Actualmente, los propios empresarios, lejos de denunciar estas prácticas ilegales, se han convertido en sus principales cómplices. Con el fin de obtener contratos de construcción para escuelas, hospitales o carreteras, muchos aceptan pagar el porcentaje exigido por las autoridades de turno. ¿El resultado? Obras que nunca se terminan o que quedan en condiciones deplorables, perjudicando a miles de ciudadanos que siguen esperando infraestructuras de calidad.

En Huánuco posiblemente no existe autoridad política, que no haya estado involucrado en escándalos de corrupción. Lo más decepcionante es, que la gran mayoría, tanto a nivel regional como provincial y local, se dedicó a robar y no hizo nada por Huánuco.

Dicho esto, uno de los casos más recientes y escandalosos de sobrevaloración involucra a la actual gestión del gobernador de Huánuco, Antonio Pulgar, cuyo exdirector regional de Transportes y Comunicaciones fue responsable directo de una compra sobrevaluada de maquinarias. Ambos están señalados en una de la Contraloria la República ha confirmado que existió una sobrevaloración de 2 millones de soles en la compra de 18 camiones, supuestamente destinados a la mejora de carreteras en la región ante la temporada de lluvias y el cambio climático. 

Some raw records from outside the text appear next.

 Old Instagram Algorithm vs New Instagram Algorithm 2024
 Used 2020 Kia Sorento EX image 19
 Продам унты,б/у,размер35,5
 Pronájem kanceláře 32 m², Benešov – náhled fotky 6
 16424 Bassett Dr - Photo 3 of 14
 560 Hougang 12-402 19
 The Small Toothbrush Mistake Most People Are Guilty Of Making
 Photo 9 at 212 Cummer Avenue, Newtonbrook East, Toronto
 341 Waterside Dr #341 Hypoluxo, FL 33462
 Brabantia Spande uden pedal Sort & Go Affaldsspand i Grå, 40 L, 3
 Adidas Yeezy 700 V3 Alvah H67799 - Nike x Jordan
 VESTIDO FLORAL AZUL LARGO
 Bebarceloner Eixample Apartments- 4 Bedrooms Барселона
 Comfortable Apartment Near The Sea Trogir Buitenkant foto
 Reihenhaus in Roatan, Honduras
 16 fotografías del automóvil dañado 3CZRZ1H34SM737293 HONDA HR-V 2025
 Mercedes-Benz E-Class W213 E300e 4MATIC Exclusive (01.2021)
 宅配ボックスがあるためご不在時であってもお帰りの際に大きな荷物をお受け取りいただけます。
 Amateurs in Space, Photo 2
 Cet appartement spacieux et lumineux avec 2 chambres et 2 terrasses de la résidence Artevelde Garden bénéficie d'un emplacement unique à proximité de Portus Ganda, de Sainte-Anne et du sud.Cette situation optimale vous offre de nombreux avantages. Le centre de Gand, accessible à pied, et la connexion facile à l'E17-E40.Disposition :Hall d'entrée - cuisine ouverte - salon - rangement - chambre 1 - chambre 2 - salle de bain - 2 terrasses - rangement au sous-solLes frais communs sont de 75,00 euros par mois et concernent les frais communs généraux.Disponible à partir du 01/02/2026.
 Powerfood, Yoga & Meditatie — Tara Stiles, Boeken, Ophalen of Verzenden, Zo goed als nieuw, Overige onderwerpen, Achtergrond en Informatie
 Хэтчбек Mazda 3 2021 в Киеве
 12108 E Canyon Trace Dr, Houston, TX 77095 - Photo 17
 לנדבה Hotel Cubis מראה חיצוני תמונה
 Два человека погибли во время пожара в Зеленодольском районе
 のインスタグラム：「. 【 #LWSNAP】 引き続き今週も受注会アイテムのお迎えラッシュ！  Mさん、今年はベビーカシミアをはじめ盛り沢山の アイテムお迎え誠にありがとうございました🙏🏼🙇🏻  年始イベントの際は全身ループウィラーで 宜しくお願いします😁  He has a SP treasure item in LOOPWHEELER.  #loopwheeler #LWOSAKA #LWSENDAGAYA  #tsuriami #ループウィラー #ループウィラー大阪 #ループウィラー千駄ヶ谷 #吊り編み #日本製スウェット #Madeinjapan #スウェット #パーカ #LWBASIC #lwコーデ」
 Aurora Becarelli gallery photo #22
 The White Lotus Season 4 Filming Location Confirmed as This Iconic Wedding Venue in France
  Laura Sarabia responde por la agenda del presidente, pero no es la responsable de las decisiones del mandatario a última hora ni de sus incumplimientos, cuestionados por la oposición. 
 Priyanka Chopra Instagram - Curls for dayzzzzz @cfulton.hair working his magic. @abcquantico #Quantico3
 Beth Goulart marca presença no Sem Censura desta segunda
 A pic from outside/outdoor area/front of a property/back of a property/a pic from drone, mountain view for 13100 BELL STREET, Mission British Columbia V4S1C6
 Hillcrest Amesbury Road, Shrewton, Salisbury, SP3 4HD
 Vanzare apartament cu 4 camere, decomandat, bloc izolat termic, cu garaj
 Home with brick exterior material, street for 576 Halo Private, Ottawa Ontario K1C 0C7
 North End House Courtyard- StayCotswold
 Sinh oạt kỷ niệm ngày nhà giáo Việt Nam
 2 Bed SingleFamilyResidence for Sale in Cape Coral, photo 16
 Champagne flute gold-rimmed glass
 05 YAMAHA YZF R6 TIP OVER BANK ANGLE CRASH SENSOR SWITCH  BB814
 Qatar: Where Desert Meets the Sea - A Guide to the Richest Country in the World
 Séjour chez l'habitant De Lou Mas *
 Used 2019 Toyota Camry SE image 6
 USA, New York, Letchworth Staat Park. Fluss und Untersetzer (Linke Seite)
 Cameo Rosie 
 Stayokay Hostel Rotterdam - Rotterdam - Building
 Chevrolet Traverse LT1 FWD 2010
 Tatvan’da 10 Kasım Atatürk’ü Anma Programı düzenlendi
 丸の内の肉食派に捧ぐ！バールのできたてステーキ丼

En teoría, deberían ser las instituciones encargadas de administrar justicia las de sancionar estos actos, pero en la práctica, operan bajo la misma lógica de corrupción. Las denuncias se presentan, los escándalos salen a la luz, pero al final, todo queda en el aire, sin culpables ni sanciones. El sistema judicial parece funcionar bajo el mismo esquema del “diezmo”, donde solo aquellos que “colaboran” ven resueltos sus problemas, mientras que la corrupción sigue impune.